Adobe supports a range of technologies to secure documents and help users authenticate electronic communications, such as Federal Information Processing Standard-certified encryption, digital signatures, certified documents, public key infrastructure and smart cards.

For example, the Government Printing Office publishes documents as certified PDFs. A blue ribbon shows up across the top of the document stating that the document has been certified by the Superintendent of Documents, so people know it comes from the government and has not been altered.

If the document is altered, the blue ribbon changes to red, Landwehr said.

Adobe ERM provides a layer of protection that is different from how encryption is traditionally implemented, he said. Content is typically put in an encrypted envelope, and the recipient of the document uses a decrypt key to open the envelope. The contents are then in plain text, open for any to see or pass on.

With ERM that uses internal document encryption, there aren’t any unprotected copies. The encryption is inside the file format. Just like a certifying signature, security sticks to the document, Landwehr noted.

Adobe ERM can be deployed three different ways: on premises at an agency or organization; in the cloud, while everything else is on premises; or via rights management and a data storage portal that can be in separate clouds.

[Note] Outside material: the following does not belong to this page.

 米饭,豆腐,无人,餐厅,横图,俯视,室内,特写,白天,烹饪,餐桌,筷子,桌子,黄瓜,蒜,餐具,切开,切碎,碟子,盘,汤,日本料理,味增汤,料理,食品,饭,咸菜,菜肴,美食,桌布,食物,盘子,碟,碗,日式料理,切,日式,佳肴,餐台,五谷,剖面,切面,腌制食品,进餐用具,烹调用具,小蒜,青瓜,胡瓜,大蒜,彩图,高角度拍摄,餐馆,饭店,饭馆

David Fletcher, CTO of Utah, which is poised to offer IT services via the cloud to local municipalities throughout the state, said organizations “need to have a data classification system in place that enables them to support role-based authentication.”

“With that in place, we can impose whatever level of security is necessary, regardless of whether the data is stored in the cloud or not,” he said.

“Many cloud technologies are still relatively new and emerging,” Fletcher said. “We are still in the process of updating our overall authentication and security model as it applies to cloud, but there are many promising technologies that we are looking at as we update our standards.”